From La Rumorosa, another 67 km segment begins; this segment's concession is held by FIARUM (an acronym for Fideicomiso Público de Administración de Fondos de Inversión del Tramo Carretero Centinela-Rumorosa or "Public Trust to Administer Investment Funds for the Centinela-Rumorosa Highway)), an agency of the Government of the State of Baja California. After another interchange to La Rumorosa where the eastbound road absorbs free Highway 2, cars pay a 23-peso toll and traverse a winding road over the Sierra de Juárez, with separate mainlines for westbound and eastbound traffic. The eastbound mainline sits higher than the westbound and features two lookouts, Ojo de Aguila and El Caminero. The former opened in 2013 with an 867,000 peso investment from the highway and state cultural authorities, as well as a sculpture designed by artist Óscar Ortega. This road was first built in 1917 under the governorship of Esteban Cantu. Before this road was constructed, land travel between Tijuana and the rest of Mexico required travel through the United States.

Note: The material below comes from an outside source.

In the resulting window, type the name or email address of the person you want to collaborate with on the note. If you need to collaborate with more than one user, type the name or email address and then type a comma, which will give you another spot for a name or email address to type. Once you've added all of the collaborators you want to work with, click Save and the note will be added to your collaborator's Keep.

Westbound and eastbound join east of the mountain at La Cuesta, which features a lookout and military inspection station; in 2015, the regional chapter of the National Confederation of Truck Drivers complained that military inspection stations in Sonora and Baja California added significant time to their itineraries. The highway straightens out and passes through long stretches of desert, with the segment ending at an interchange allowing motorists to choose free Highway 2 to downtown Mexicali or the Libramiento de Mexicali.

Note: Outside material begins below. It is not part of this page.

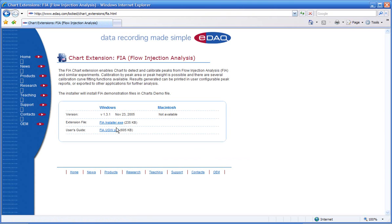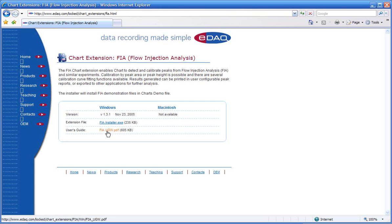You can download the FIA flow analysis extension from here. Here's the user guide, which you should download as well.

FIARUM, the state agency which holds the concession, was created in 1996.

On some days, due to winding roads and poor road conditions of Highway 2D, it is faster to travel between Tijuana and Mexicali through San Diego, California and Interstate 8 (Kumeyaay Highway) in California, if traffic volume of both San Ysidro Port of Entry and Calexico West Port of Entry are low.

==Libramiento de Mexicali==
The Libramiento de Mexicali bypasses the city to the south, featuring the final 41 km of highway in the 2D designation. OCACSA operates the highway, which opened on June 20, 2006, and charges cars a 75-peso toll to use it. The highway has just one interchange between its termini, allowing access to Mexican Federal Highway 5 to San Felipe. Traffic merges onto free Highway 2 between Ejido Cuernavaca and Ejido Sinaloa, to the east of Mexicali.

==Santa Ana–Altar==
The 73 km highway between Santa Ana and Altar, operated by the state government, is tolled, with cars being charged 105 pesos to use the road.

==Matamoros–Reynosa==
Highway 2D in Tamaulipas is operated by CAPUFE and runs 44.6 km from Matamoros to Reynosa. One toll booth, Nuevo Progreso, charges 67 pesos for cars.